ここでは以下のように定義してチャート、データを見ていきます。
定義
- 2024.7/31:下落開始(植田総裁が利上げを決定)
- 2024.8/5:底
- 2024.8/6:植田ショック終了(ここから急上昇、V字回復)
- 2024.9/2:回復(2004.7/31の株価を基準)
- 数値は終値
ポイント
- 下落率:-19.5%
- 下落幅:-7,643.25
- 下落期間の日数:5日
- 植田ショック終了までの日数:6日
- 回復までの日数:33日
このショックは珍しくV字回復した事例です。
株価急落後、日銀副総裁の内田眞一氏が講演で「市場が不安定な状況では利上げをしない」と明言し、追加利上げを封印する姿勢を示しました。

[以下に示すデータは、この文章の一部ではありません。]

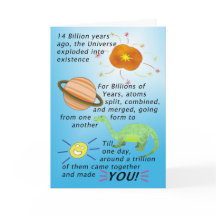 14 miljarder år förlagt födelsedagskort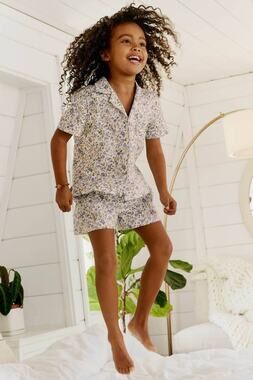 Reformation Lompoc linen blue floral button up shirt and shorts set GIRLS 6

この発言が市場に安心感を与え、株価反発のきっかけとなったのです。

トランプ関税ショック
この記事を作成時、現在進行形で続いています。
ある程度収まったら更新していきます。

株価暴落時の投資家マインドセット
この章では株価暴落時の投資家マインドセットについて解説します。
暴落時に求められるマインドセット
冷静さを保つための具体的な方法
株価が急落すると、誰でも不安になりやすいです。
まずは深呼吸し、パニック状態を避けましょう。
ニュースやSNSを見すぎると不安が増すため、情報収集は信頼できる媒体に限定し、時間も決めておくのが効果的です。
また、事前に「●%下がったらどうするか」など明確なルールを決めておくと、感情に流されずに済みます。

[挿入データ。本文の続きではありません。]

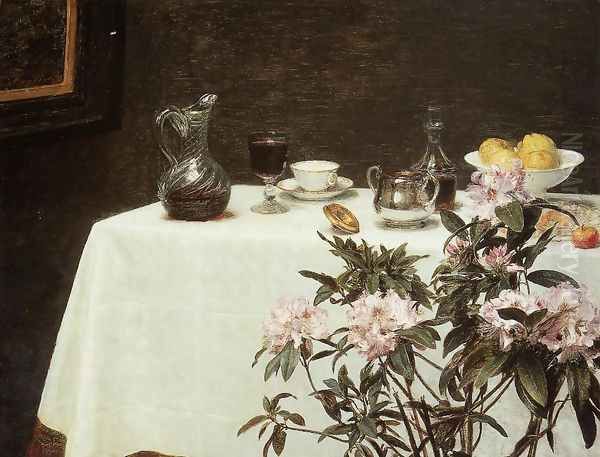 Still Life: Corner Of A Table Oil Painting by Ignace Henri Jean Fantin-Latour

過去のデータや暴落後の回復事例を知っておくことも、冷静さを保つ助けになります。
長期的視点で市場を見る重要性
短期的な値動きに一喜一憂せず、5年後・10年後の資産形成を意識しましょう。
株価は歴史的に何度も暴落を経験していますが、そのたびに回復し、長期的には成長してきました。

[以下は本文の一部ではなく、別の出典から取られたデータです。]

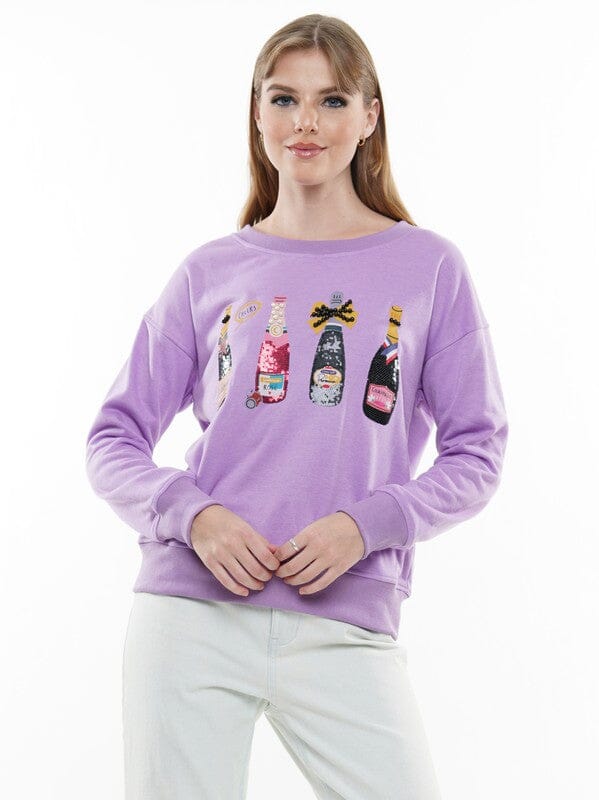 Black and Lavender Champagne Bottle Sweatshirt why dress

リーマンショックやコロナショックのような大暴落も、数年で株価は元に戻り、新高値を更新しています。
「今の下落は投資の一部」と考え、慌てて売却せずに持ち続けることが、最終的なリターンにつながります。
分散投資によるリスク軽減の意義
一つの銘柄や資産に集中すると、暴落時のダメージが大きくなります。
株式・債券・不動産・金など、異なる資産や地域に分散して投資することで、リスクを抑えられます。
例えば株式が下がっても、他の資産が値上がりする場合があり、全体の損失を和らげてくれます。
分散投資は、暴落時でも資産の安定化に役立つ基本戦略です。

まとめ
ポイント
- 暴落の原因は景気後退や政策変更、投資家心理の悪化など多岐にわたる
- 近年は電子取引の普及で世界同時に影響が波及する傾向が強い
- 暴落時は冷静な判断と長期的な視点、分散投資が重要となる
- 歴史を学び、暴落をチャンスと捉える姿勢が資産形成につながる
今回は過去の株価暴落・ショックについて説明してきました。
暴落・ショックは予測できませんし、予測できていたら暴落にはなりません。
なので、暴落のあとの対処の方が肝心です。
過去の暴落・ショックのデータをもとに、自分はどうするか、戦略をたてれるようにしましょう。